▸ RECORDS FOR THE EXERCISE:
↓

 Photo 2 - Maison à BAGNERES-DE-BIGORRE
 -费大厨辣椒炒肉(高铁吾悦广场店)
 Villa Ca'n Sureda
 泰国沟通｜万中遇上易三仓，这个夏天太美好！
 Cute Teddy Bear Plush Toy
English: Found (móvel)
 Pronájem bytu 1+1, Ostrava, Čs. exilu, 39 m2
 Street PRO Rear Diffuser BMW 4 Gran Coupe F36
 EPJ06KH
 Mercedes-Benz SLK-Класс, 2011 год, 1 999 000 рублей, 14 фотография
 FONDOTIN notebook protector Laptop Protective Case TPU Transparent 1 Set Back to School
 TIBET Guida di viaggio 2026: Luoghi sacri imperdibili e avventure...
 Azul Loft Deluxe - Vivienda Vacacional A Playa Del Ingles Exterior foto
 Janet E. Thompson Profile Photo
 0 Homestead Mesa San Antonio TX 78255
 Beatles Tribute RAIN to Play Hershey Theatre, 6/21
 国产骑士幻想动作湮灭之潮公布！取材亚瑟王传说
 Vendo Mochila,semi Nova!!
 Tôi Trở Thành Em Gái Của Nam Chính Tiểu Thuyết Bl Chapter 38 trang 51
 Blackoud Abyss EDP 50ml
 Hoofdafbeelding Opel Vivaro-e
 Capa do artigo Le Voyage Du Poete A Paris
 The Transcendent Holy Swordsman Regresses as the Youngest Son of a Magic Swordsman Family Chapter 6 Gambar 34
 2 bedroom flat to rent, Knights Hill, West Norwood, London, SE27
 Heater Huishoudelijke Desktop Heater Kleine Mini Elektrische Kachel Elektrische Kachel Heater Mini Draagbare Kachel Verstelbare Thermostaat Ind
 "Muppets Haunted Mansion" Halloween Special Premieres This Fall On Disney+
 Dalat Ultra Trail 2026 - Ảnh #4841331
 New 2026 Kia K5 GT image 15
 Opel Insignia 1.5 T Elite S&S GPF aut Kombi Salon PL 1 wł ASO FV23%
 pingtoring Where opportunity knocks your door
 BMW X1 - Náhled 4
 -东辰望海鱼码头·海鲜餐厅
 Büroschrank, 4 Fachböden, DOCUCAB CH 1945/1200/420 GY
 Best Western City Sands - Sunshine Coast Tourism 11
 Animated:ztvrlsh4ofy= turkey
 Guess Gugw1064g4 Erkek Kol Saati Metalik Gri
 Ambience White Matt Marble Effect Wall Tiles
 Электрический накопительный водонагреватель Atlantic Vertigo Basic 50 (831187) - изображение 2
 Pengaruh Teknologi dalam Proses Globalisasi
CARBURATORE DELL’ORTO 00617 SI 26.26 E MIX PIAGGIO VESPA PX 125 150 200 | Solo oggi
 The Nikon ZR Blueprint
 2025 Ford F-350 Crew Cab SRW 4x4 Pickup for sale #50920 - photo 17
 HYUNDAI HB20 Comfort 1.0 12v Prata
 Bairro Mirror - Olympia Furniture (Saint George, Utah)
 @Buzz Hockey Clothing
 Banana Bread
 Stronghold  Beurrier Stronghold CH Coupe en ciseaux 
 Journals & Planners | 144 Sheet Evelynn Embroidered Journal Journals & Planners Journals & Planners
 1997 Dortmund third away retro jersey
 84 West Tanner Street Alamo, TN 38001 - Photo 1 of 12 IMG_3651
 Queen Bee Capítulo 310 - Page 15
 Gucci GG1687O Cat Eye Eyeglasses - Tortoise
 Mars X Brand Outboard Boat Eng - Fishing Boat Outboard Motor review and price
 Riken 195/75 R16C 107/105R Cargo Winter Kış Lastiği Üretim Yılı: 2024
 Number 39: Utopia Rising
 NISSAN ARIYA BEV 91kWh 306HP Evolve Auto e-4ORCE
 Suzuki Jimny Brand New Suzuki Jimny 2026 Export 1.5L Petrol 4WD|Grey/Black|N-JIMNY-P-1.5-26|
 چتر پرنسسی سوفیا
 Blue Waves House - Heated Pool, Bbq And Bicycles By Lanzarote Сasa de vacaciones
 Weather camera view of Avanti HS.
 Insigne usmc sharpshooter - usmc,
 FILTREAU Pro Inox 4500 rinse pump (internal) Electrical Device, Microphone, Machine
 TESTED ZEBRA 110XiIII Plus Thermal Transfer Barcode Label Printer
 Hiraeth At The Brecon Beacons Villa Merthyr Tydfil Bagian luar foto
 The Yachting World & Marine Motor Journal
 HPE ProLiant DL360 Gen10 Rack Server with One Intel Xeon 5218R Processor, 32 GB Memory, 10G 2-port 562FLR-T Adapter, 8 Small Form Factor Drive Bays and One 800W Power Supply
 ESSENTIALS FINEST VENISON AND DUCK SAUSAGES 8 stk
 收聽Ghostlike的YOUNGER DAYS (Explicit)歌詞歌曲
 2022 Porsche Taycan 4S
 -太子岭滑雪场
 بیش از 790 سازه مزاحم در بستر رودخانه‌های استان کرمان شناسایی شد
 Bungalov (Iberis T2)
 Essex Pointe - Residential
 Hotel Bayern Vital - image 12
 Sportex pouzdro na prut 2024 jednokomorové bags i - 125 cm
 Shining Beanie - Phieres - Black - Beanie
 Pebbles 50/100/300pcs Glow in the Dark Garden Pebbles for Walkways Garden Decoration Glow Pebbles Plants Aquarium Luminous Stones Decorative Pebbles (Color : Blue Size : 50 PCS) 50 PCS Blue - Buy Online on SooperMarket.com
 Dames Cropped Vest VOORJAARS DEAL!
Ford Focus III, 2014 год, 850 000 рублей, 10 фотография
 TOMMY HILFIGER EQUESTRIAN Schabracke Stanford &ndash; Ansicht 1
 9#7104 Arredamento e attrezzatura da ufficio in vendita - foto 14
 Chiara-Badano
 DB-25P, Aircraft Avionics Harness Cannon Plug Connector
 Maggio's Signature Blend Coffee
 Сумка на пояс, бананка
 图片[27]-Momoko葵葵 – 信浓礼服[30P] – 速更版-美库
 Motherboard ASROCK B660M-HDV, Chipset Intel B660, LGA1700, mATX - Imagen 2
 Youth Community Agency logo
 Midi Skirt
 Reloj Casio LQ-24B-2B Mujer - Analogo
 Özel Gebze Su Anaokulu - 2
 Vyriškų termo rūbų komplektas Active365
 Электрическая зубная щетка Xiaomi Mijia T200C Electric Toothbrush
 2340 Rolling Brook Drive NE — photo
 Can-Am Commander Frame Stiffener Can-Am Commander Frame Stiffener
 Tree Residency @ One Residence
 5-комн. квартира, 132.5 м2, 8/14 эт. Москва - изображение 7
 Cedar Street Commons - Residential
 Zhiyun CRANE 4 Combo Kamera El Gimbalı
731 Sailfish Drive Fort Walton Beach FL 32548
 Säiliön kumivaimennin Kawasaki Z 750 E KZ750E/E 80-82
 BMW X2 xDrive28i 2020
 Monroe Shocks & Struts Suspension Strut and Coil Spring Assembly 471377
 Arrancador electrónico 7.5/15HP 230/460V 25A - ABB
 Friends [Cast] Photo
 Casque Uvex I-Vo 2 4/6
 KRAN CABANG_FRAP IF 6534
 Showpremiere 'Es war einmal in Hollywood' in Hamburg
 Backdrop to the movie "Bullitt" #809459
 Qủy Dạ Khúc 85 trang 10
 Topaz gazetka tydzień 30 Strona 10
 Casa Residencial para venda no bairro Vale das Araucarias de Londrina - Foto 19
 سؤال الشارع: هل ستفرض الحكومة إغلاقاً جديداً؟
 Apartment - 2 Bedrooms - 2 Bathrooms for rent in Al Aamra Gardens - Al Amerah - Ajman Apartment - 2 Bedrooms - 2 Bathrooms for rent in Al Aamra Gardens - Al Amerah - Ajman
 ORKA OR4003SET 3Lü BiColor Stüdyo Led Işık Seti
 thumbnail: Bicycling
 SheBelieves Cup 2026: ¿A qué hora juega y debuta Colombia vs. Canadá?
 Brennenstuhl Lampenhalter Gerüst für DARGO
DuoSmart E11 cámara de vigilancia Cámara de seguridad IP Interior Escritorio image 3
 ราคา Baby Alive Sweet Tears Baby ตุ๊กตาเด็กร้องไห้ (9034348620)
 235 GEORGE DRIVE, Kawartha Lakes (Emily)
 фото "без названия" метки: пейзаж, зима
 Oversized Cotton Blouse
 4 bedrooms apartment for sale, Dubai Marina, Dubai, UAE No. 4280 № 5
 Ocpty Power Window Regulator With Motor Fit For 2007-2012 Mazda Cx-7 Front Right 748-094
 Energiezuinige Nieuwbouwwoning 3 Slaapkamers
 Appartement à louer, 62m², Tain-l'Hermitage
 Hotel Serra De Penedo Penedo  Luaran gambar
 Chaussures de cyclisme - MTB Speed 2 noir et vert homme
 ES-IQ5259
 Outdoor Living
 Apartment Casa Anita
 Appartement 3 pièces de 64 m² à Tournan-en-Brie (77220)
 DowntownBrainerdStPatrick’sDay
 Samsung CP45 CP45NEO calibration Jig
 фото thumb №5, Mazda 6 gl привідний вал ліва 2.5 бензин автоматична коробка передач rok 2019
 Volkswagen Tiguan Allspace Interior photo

↑

▸ EXERCISE: Copy out each line of the listing where the string "Intel" appears.

▸ RESPONSE TO THIS TASK:
 HPE ProLiant DL360 Gen10 Rack Server with One Intel Xeon 5218R Processor, 32 GB Memory, 10G 2-port 562FLR-T Adapter, 8 Small Form Factor Drive Bays and One 800W Power Supply
 Motherboard ASROCK B660M-HDV, Chipset Intel B660, LGA1700, mATX - Imagen 2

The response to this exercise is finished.